You are using from bar import a. a becomes a symbol in the global scope of the importing module (or whatever scope the import statement occurs in).

When you assign a new value to a, you are just changing which value a points too, not the actual value. Try to import bar.py directly with import bar in __init__.py and conduct your experiment there by setting bar.a = 1. This way, you will actually be modifying bar.__dict__['a'] which is the 'real' value of a in this context.

It's a little convoluted with three layers but bar.a = 1 changes the value of a in the module called bar that is actually derived from __init__.py. It does not change the value of a that foobar sees because foobar lives in the actual file bar.py. You could set bar.bar.a if you wanted to change that.

This is one of the dangers of using the from foo import bar form of the import statement: it splits bar into two symbols, one visible globally from within foo which starts off pointing to the original value and a different symbol visible in the scope where the import statement is executed. Changing a where a symbol points doesn't change the value that it pointed too.

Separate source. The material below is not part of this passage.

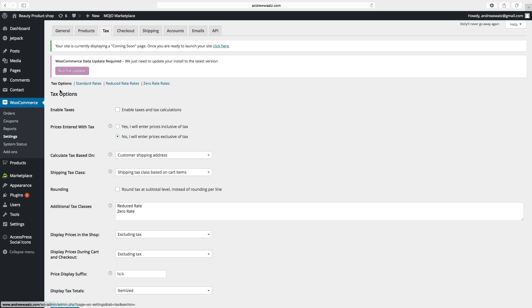The first option we have is Enable Taxes. You need to check this to enable taxes and tax calculations. If you don't do this, you don't have to bother about the rest of the settings, so this is important.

This sort of stuff is a killer when trying to reload a module from the interactive interpreter.

2
  • 2
    Thanks! Your answer probably just saved me several hours of looking for the culprit.
    – jnns
    Commented Feb 13, 2019 at 11:53
  • Looks like even the bar.bar.a approach won't help much in most use cases. It's probably a weak idea to mix compile or module loading and runtime assignments because you'll end up confusing yourself (or others that use your code). Especially in languages that behave somewhat inconsistently about it, like python arguably does.
    – matanox
    Commented Jun 27, 2020 at 9:41
33

One source of difficulty with this question is that you have a program named bar/bar.py: import bar imports either bar/__init__.py or bar/bar.py, depending on where it is done, which makes it a little cumbersome to track which a is bar.a.

Here is how it works:

The key to understanding what happens is to realize that in your __init__.py,

from bar import a

in effect does something like

a = bar.a
# … where bar = bar/bar.py (as if bar were imported locally from __init__.py)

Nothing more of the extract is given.